Indiana would have joined that list, too: Haliburton, Mathurin, Nembhard, Nesmith and Jarace Walker are all young, and Pascal Siakam and T.J. McConnell aren't exactly old. But Hali's injury throws everything into chaos, just as Jayson Tatum's injury threw Boston's near-term future into uncertainty and Damian Lillard's injury darkened Milwaukee's outlook. This is now the single biggest issue facing the NBA: an epidemic of Achilles tears, and not just with older players. The NBA has labor peace and a long-term media rights deal. Throw all of your resources at saving young players from catastrophic injuries through research and reform.

But there's time this summer to delve into that. For now, it's the Thunder's moment in the spotlight. A parade comes first, then a title defense. Congratulations to Oklahoma City.


On Durant

Two brief notes about Kevin Durant, who will get his day in the spotlight soon.

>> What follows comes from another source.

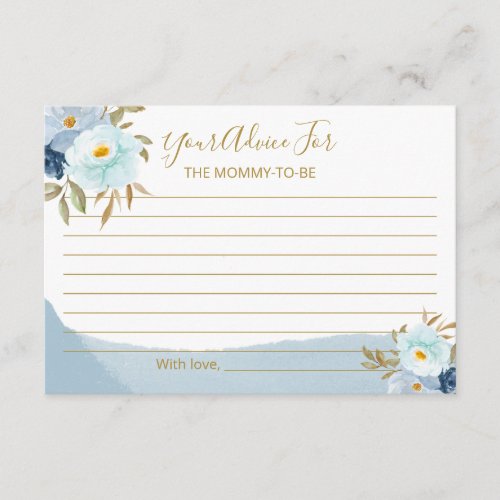 Light Blue Watercolor Floral Baby Shower Advice Enclosure Card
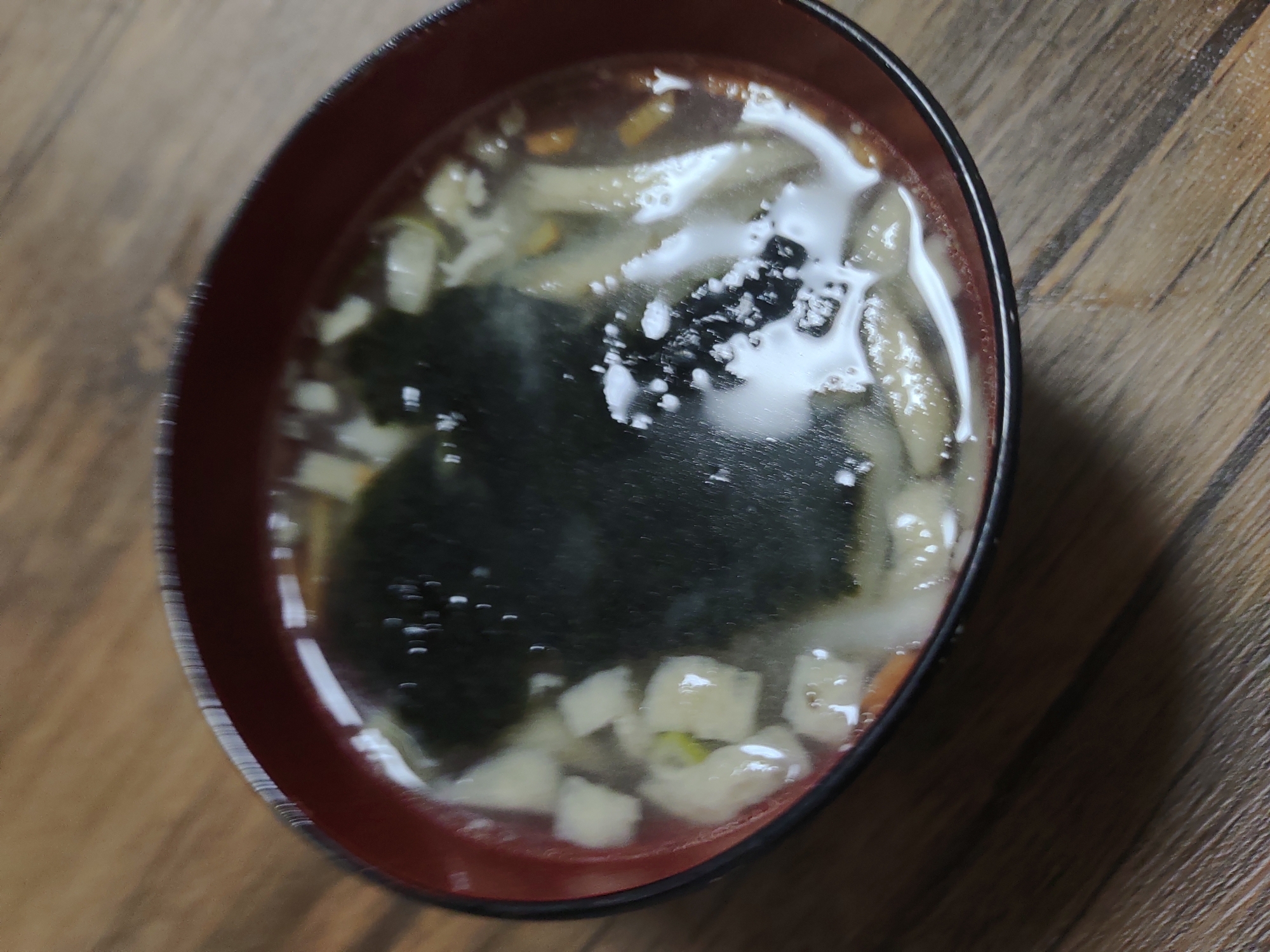 海苔と野菜の味噌汁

  1. I have no problem with the trade being completed and leaking on the same day at Game 7. I saw a little chatter about it being disrespectful to the teams playing in the game and "what's wrong with the NBA." It's only disrespectful to the teams playing in Game 7 if you as a fan or analyst or whatever allow it to distract you from the game, if you start writing things like "this is what's wrong with the NBA" instead of celebrating what's right. The NBA fandom is not a monolith, and acting as though it ever can be and that there's a right way to be a fan (for example, caring much more about Pacers-Thunder than Kevin Durant getting traded to the West No. 2 seed). The league can survive having two big stories on a Sunday in June! Broadly I wish people who care about the league would stop trying to foretell its doom or overstate its perceived oddities and shortcomings. Not every media focus outside the 48 minutes on the hardwood is a crisis!
  2. The implosion of the Phoenix Suns since Game 6 of their 2022 second-round series against Dallas is a) reaching world-historic disaster status and b) is not over yet. Assuming the Suns keep Jalen Green for next season, this could ultimately lead to Devin Booker requesting liberation. This isn't to heap more dirt on Green, who had a better postseason than anyone on the Suns did this year. But Phoenix has remarkably little future right now, and Booker's not dumb.